JPA and Hibernate require you to write lots of Strings. You use them to create ad-hoc and named queries with JPQL, to define native SQL queries and to specify the fetching behavior in an EntityGraph. Until Java 13, the lack of multiline Strings in Java made all of these tasks either annoying to implement or the code hard to read. You either had to concatenate multiple Strings or put everything into a single-line String.

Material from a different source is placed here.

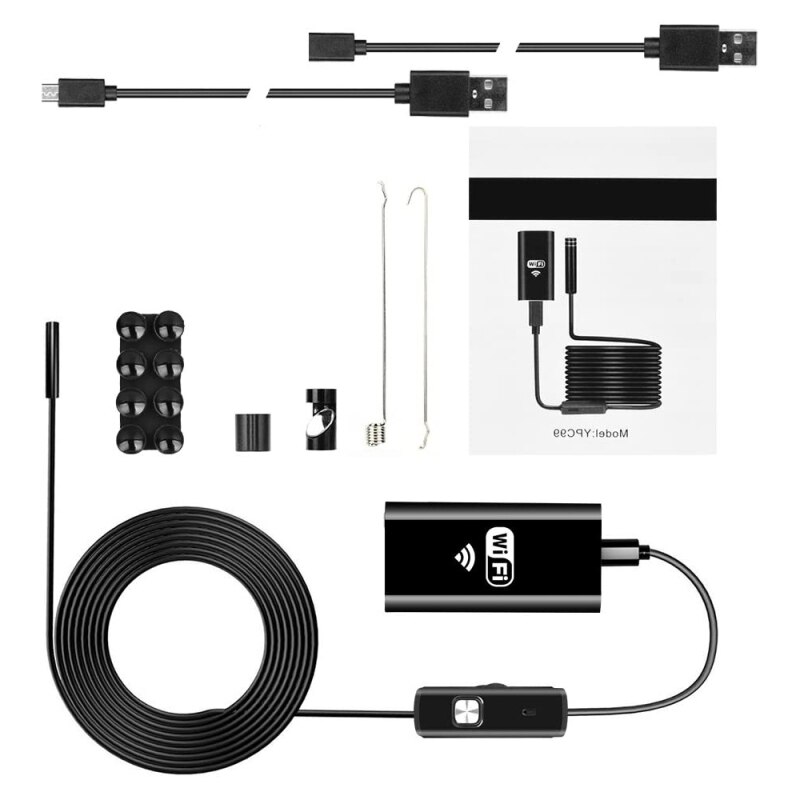 Draadloze Wifi Endoscoop Camera Waterdicht Borescope Inspectie Camera Verstelbare 6 Led IP67 Voor Iphone Android Pc App Auto Reparatie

String sql = "SELECT new com.thorben.janssen.BookAuthorReviewCount(b.title, concat(a.firstName, ' ', a.lastName), size(b.reviews)) FROM Book b JOIN b.author a GROUP BY b.title, a.firstName, a.lastName"

That changed drastically with the introduction of Java Text Blocks. You can finally define Strings that span over multiple lines by using 3 quotation marks.

String sql = """
			SELECT new com.thorben.janssen.BookAuthorReviewCount(
							b.title, 
							concat(a.firstName, ' ', a.lastName), 
							size(b.reviews)
						) 
			FROM Book b 
				JOIN b.author a 
			GROUP BY b.title, a.firstName, a.lastName
			"""

As you can see, that made the SQL statement much easier to read. And because this is a standard Java feature, you can use it everywhere you use a String. But it’s especially useful if the String is long and complex enough to add linebreaks. Let’s take a look at a few examples.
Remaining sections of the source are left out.